In his first direct justification of the move in the Systematic Theology , Jenson’s motivations are straightforward: He wants to head off idolatry. As usual, his analysis begins from “normal religion:

In normal religion, “where deity reveals itself is not where it is.” The revealing event or word is a “clue to God” but is not God. But this disjunction between a god and his revelation opens a gap that is the space for idolatry: “the space normal religion leaves between revelation and deity itself is exactly the space across which we make our idolatrous projections. The religious impulse is never satisfied with anything short of deity itself. Thus the revelations of normal religion, which are not deity but only point to us, become the mere occasions and triggers of the religious quest, of a journey to what lies behind them.” In this quest, we “necessarily project deity to our own affirmation or compensation” (59-60). Jenson notes that “The revelation to Israel and the church calls this quest idolatry, the first and fundamental sin” (60).

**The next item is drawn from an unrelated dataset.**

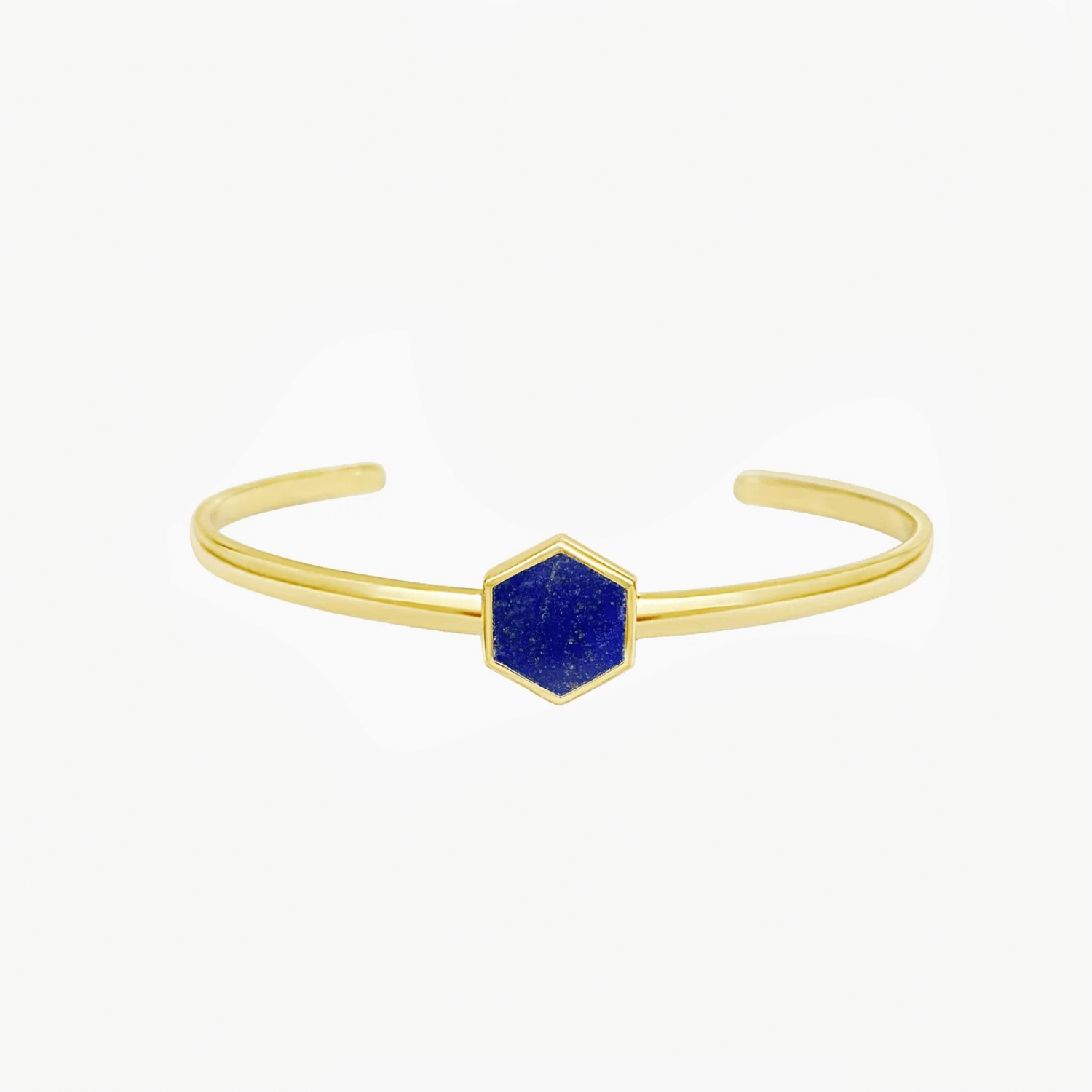 Bracelet jonc en argent doré avec une pierre centrale hexagonale en lapis-lazuli bleu sur fond blanc.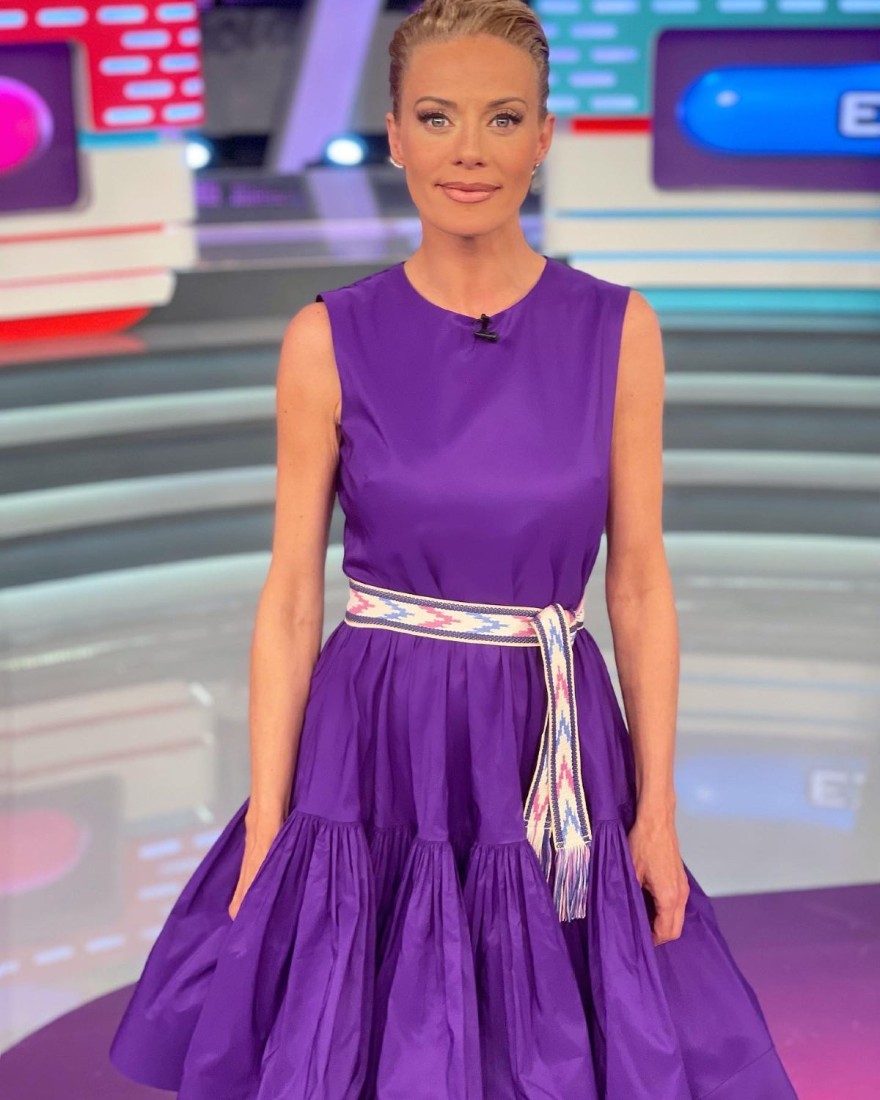 Ζέτα Μακρυπούλια φόρεμα Carolina Herrera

To this point, Jenson’s argument is analogous to Barth’s assault on modalism: Modalism tries to bypass the revelation of God as Father, Son, and Spirit to get to the true, undifferentiated deity who shows himself under these masks. For Barth, there is no back door; God’s face is God Himself in His revelation. Likewise, Jenson says that “identification with” is necessary to close off that back-door approach to God. We confront God directly in Exodus and Resurrection, the whole “plotted sequence of events that make the narrative of Israel and her Christ” (60). Exodus and Resurrection are not signs; we don’t take them off on our quest to find the living God and test whether the God we happen upon conforms to the symbols. God comes directly to humanity, in real time, and shows Himself. No back door.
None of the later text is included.